This implementation was realized for my master thesis on "Botnet detection in encrypted traffic - a machine learning approach"
The configuration has to be done in config.py file. A template is provided in example_config.py
Follow these steps:
- run features_extraction/MainBro.py to extract the features in results/features.csv
- run machine_learning/normalize_and_split.py to generate data to feed to ML
- run train.py to generate models
Pass the setname of the features to use through
Get_normalize_data.get_all_data("model_folder", "set_name")

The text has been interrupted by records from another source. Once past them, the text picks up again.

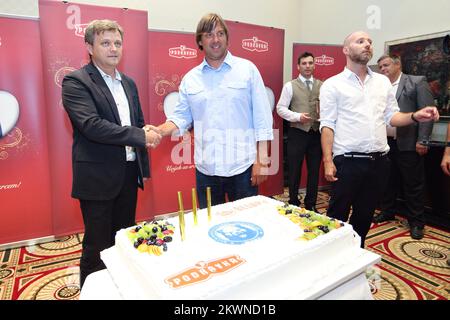 08.02.2013., Zagreb - in der Emerald Hall des Hotels Esplanade fand eine Pressekonferenz statt, in der das KHL Centar ein neues Team präsentiert und ein Sponsoring-Geschäft zwischen Podravka und KHL Medvescak bekannt gegeben wurde. Foto: Davor Puklavec/PIXSELL Stockfoto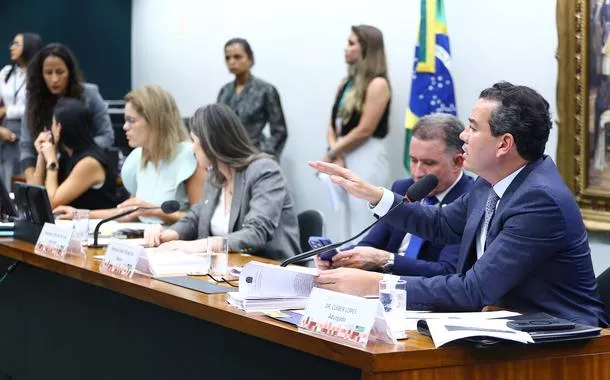 Análise de prisão de Chiquinho Brazão foi adiada na Câmara após pedido do Novo (vídeo)
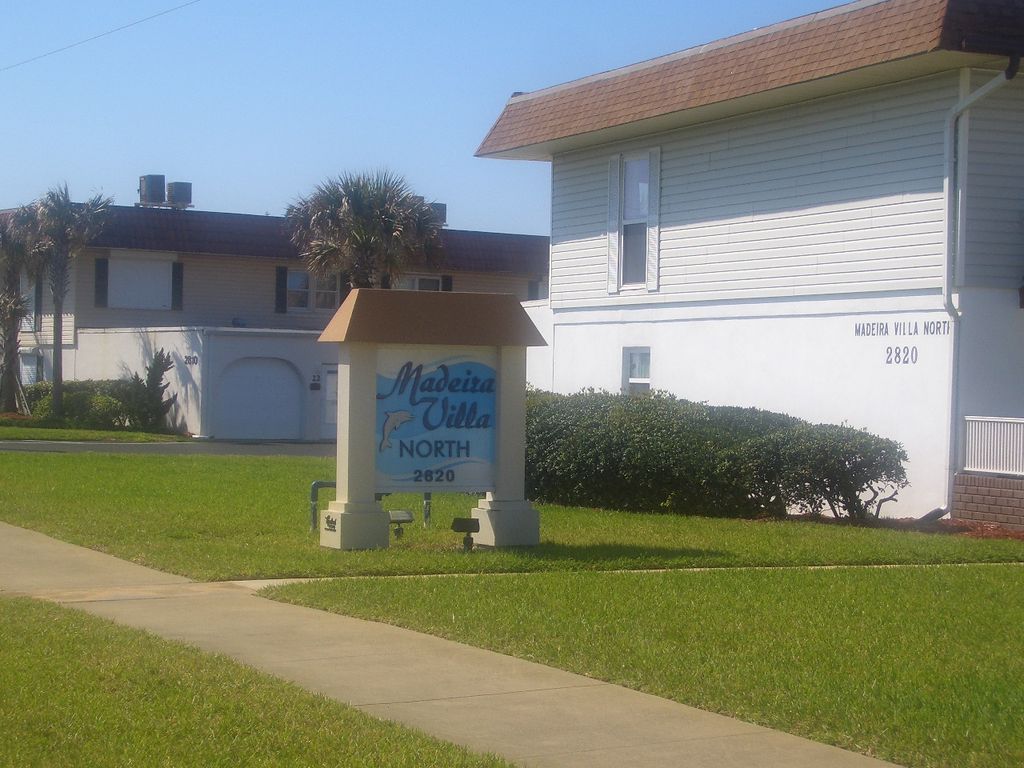 Madeira Village North
 exterior repaint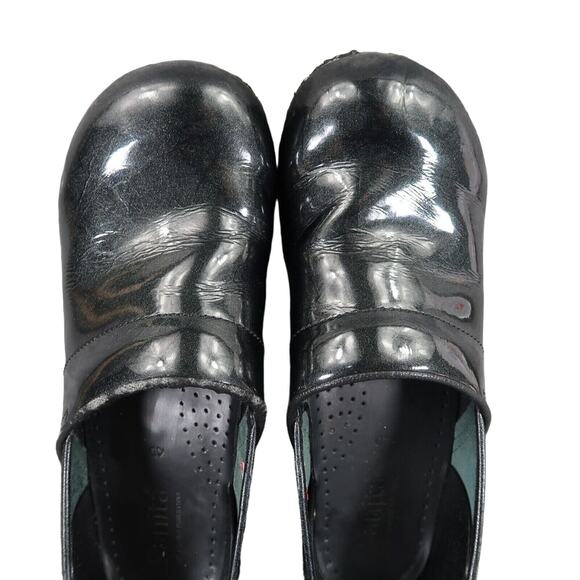 Sanita Shoes Womens 40 Clogs Comfort Slip On Danish Patent Leather Work Classic - Picture 9 of 16
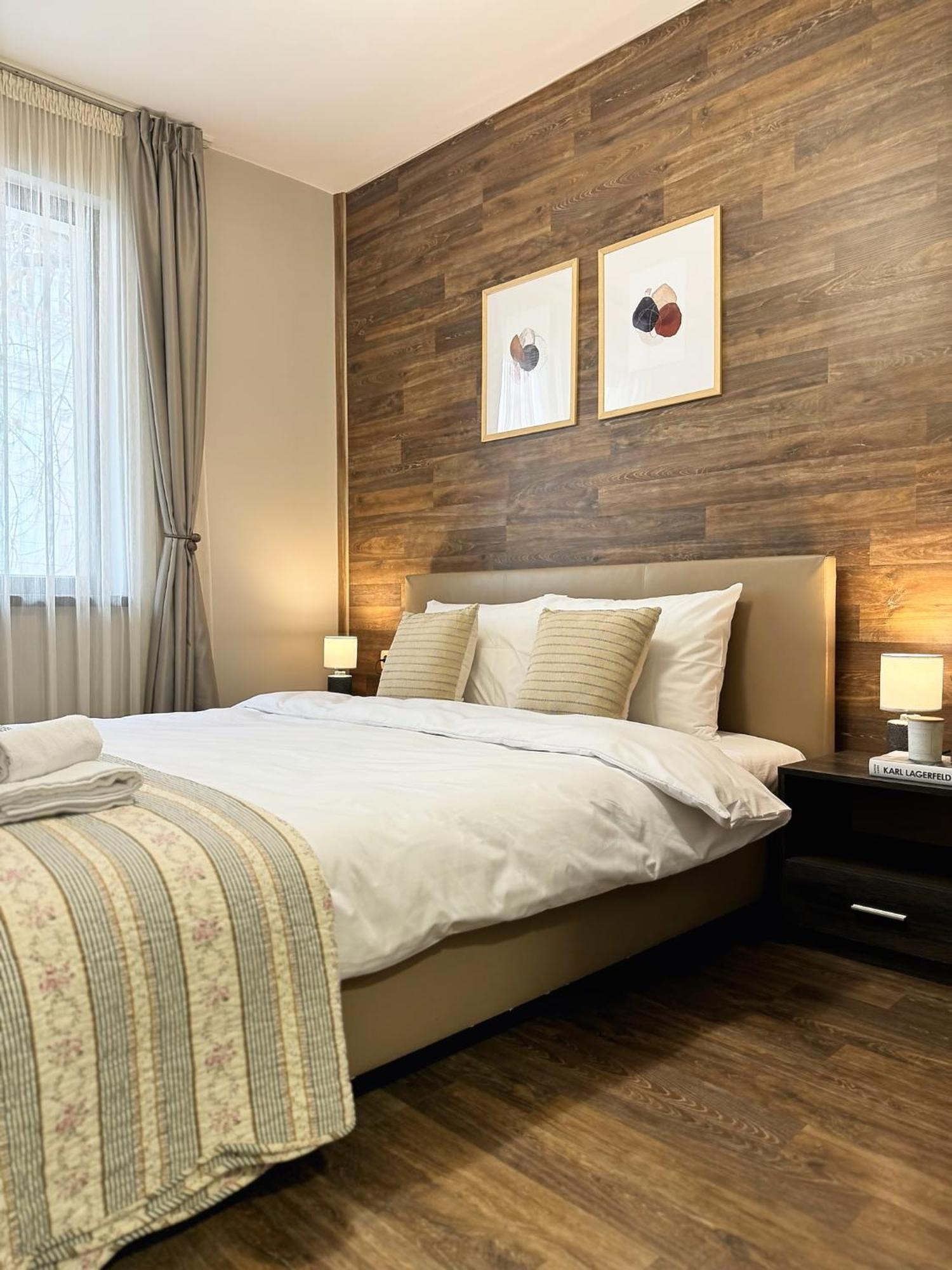 Top Centre Plovdiv Apt. With Parking For 4 Guests ภายนอก รูปภาพ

setname can take the value "all", "dns", "https", "reduced", "reduced_30", "reduced_40" and "enhanced_30". To create a new set of features, just complete the features_set dictionnary present in the get_all_data(...) function
The enhanced features set contains cipher suites from ClientHello packets. Unfortunately the information is not available by default in Bro logs. Therefore it is required to extract them by hand. The tls_finger.bro script from securityartwork.es has been used in order to do this extraction Moreover, to avoid re-computing the whole features set (which is time and ressources consuming), the features are calculated separately then added to the csv with all features.
Here are the steps to generate the enhanced features set:
- Install Bro or install SecurityOnion and put the tls_finger.bro file into the folder "/usr/local/share/bro/site"
- Use extract_bro_ciphers.py to extract cipher suites from Bro logs
- Use feature_extraction/compute_ciphersuites_features.ipynb to compute the features from Bro logs and store them in results/model/features_enhanced.csv
- dataset_tools/ -> contains all the tools related to the datasets (download, collect infected IPs, label and discard datasets)
- download_datasets.py: to download the desired datasets
- discard_unuseful_datasets.py: to discard datasets that have no flows labelled
- collect_infected_ips.py: to collect infected and normal IPs from README.html files present in the dataset folders (uses a regex to parse the files)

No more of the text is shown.